The Soldier's Mantle.

In previous blogs we have seen how useful items such as scarves, keffiyeh and bandanas can be. North Vietnamese soldiers often favoured a neckerchief cut from camouflaged cargo parachute material. This was generally worn inside the jacket but could be spread over the shoulders for additional camouflage. A similar idea is seen below using capes of more conventional camouflage material. Capes and cloaks have often been a topic of these blogs but so far I have not made much discussion of their merits for concealment.

Recent posts should have made it clear that there is a lot more to camouflage than simply colours and pattern. Shape and silhouette are also very important. There is very little point in camouflaging your face and headgear if a distinctive head and neck shape is visible.

Some camouflage systems recognise this. The Soviet system shown below is obviously designed to conceal the distinctive head and shoulders shape.

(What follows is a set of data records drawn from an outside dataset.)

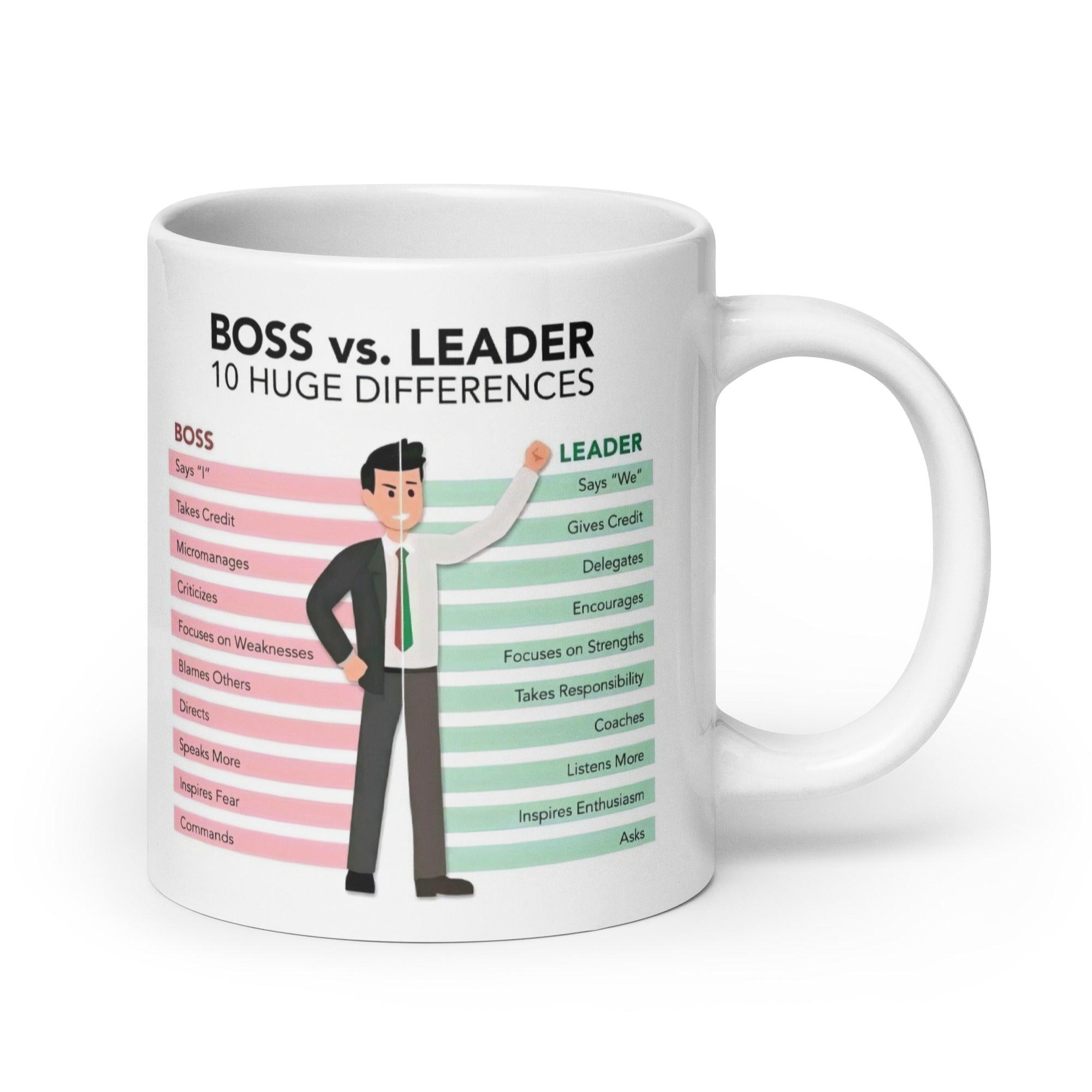 Management Ceramic Leader Mug - Inspire Cups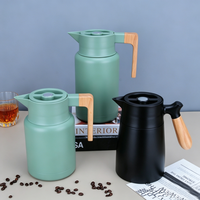 Thermos familial écologique de 2 L, matériaux recyclables, carafe thermique à double paroi sous vide avec logo personnalisé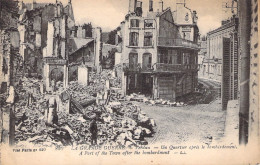 LA GRANDE GUERRE VERDUN UN QUARTIER APRES LE BOMBARDEMENT - Verdun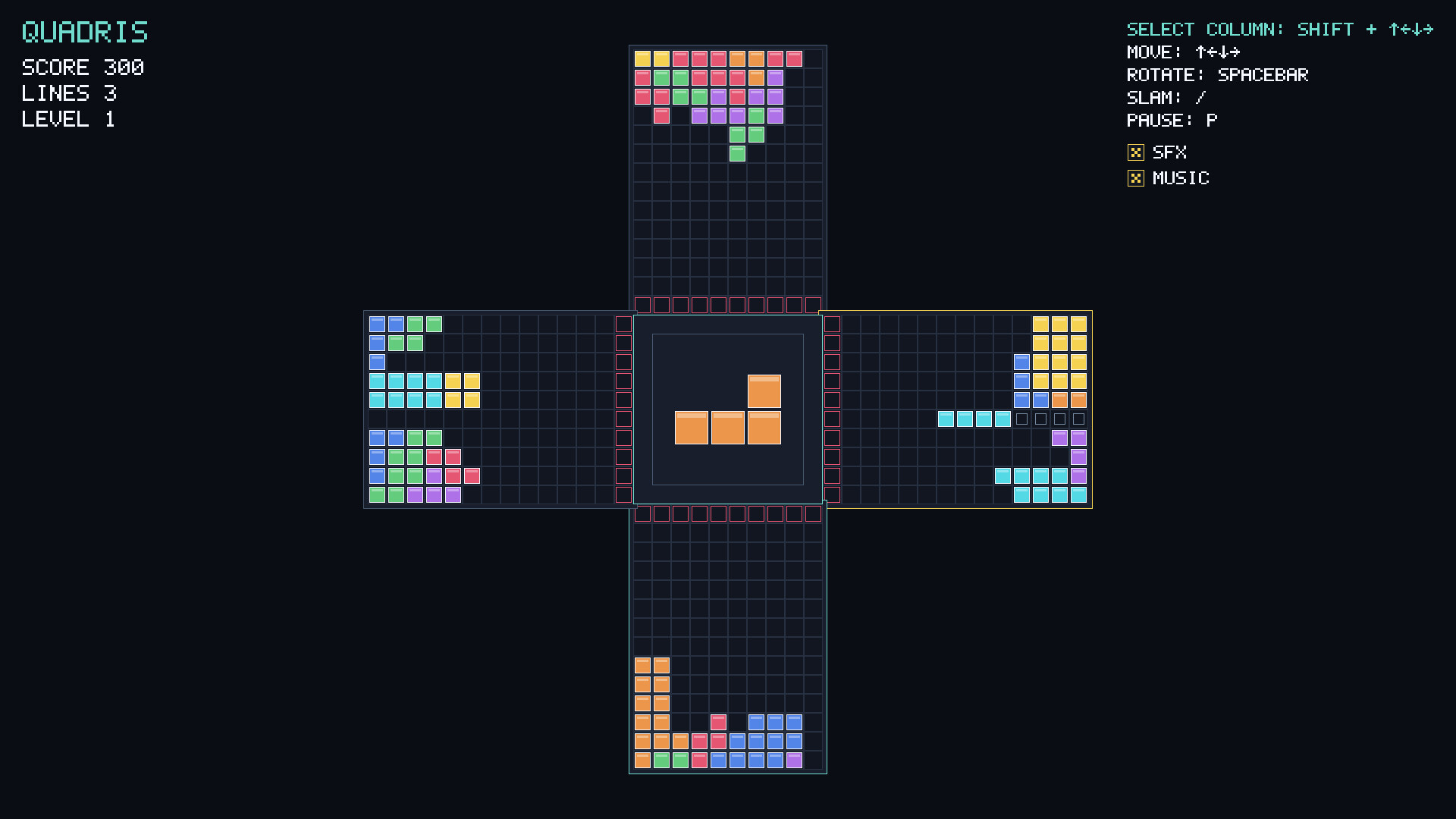 Quadris screenshot 4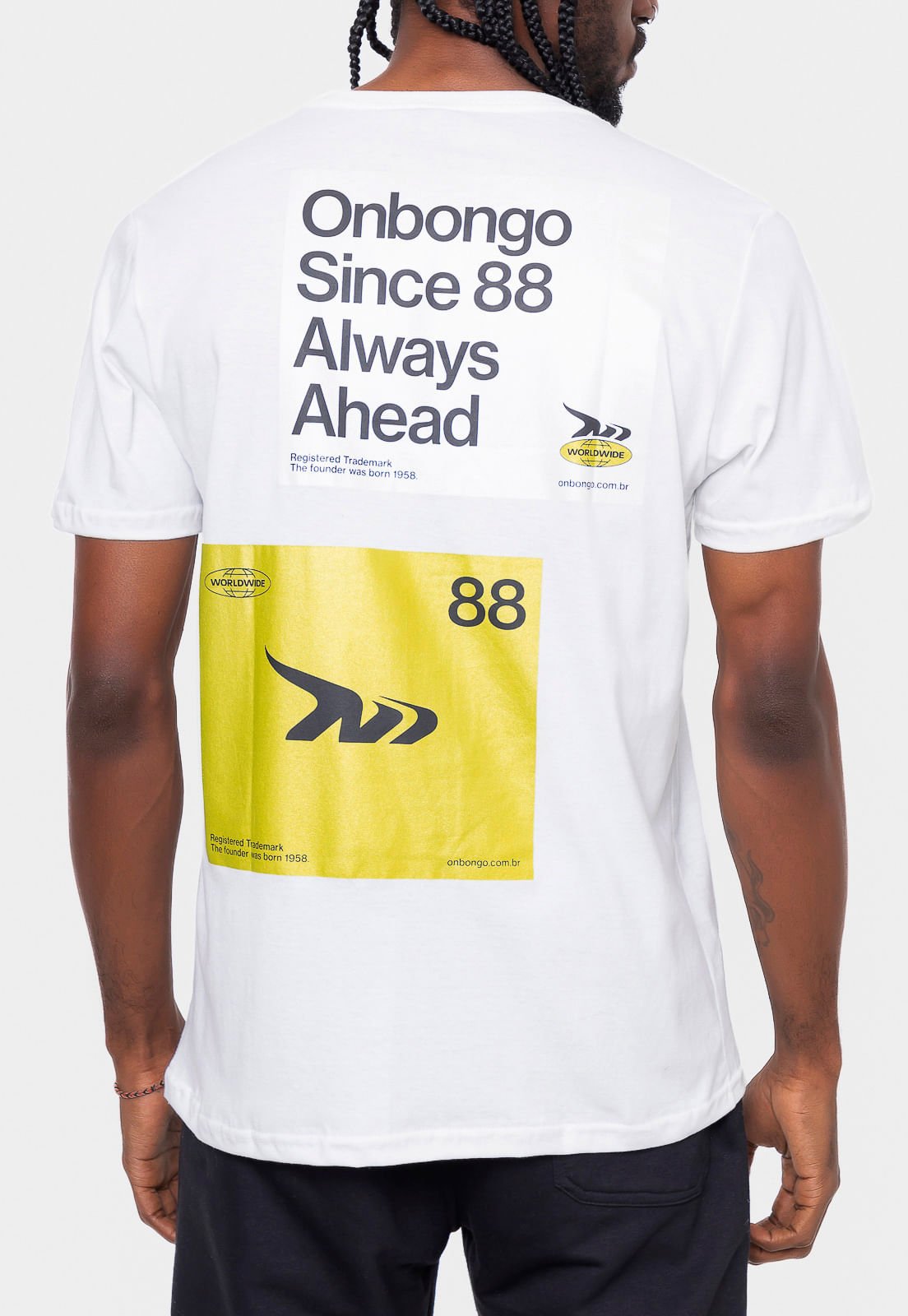 Camiseta Onbongo Ozzie Off White Branco 2
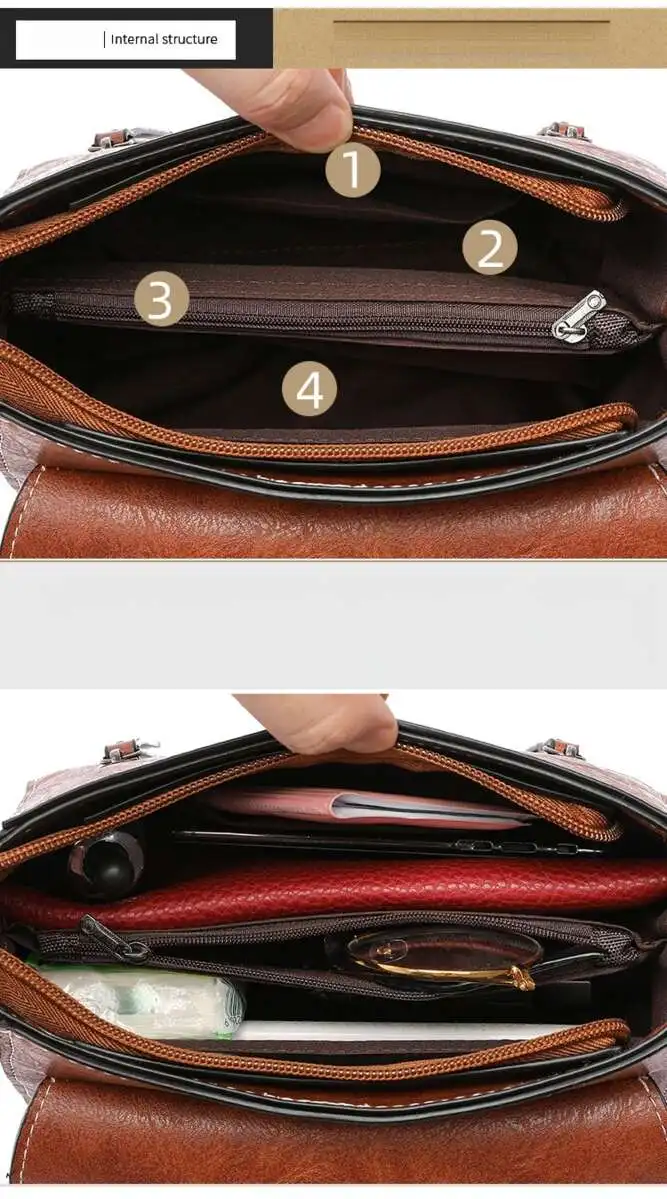 Boyatu per le donne 2024 Nuova borsa alla moda, vera trama versatile morbida pelle borsa quadrata piccola da donna_voghion.com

Modern sniper ghillie suits often address this too. There is, however, in some quarters, a silly attitude that such levels of shape disruption are “just for snipers or special forces”. While it is not practical for all infantrymen to operate in ghillie suits improvements can be made over current levels of camouflage. There is more involved in camouflage than simply wearing a patterned jacket and helmet cover!

Possibly the most practical approach is to create a sort of “soldier’s mantle”. In effect a short cloak or shawl. Shown below is a small net-like item that might be a good starting point. Ideally it would be a light sand colour to be suitable in the widest range of environments. A few blobs of a darker, contrasting brown colour would not hurt. Like the helmet camouflage that was described in a previous blog the camouflage effect is greatly improved if three-dimensional materials such as hessian, scrim and raffia are added. One of the reasons for selecting a net-like material is so that natural materials can be added too.

To correctly position the mantle drape it over the head as was described in this post. The material can be then folded back to gather around the neck when on the move, draped over the head for better concealment when more static. The best way to keep the mantle in place is to sew laces or toggles where you jacket collar meets the shoulder. This leaves most of the mantle free to be draped over your webbing or rucksack straps. The material hanging down in front may help conceal your weapon and chest equipment. Material at the rear will help conceal the top of your pack. The mantle should be of a size that it just covers the upper arms. The folds of the cloth help break up the shape of the shoulders, even when not worn over the head.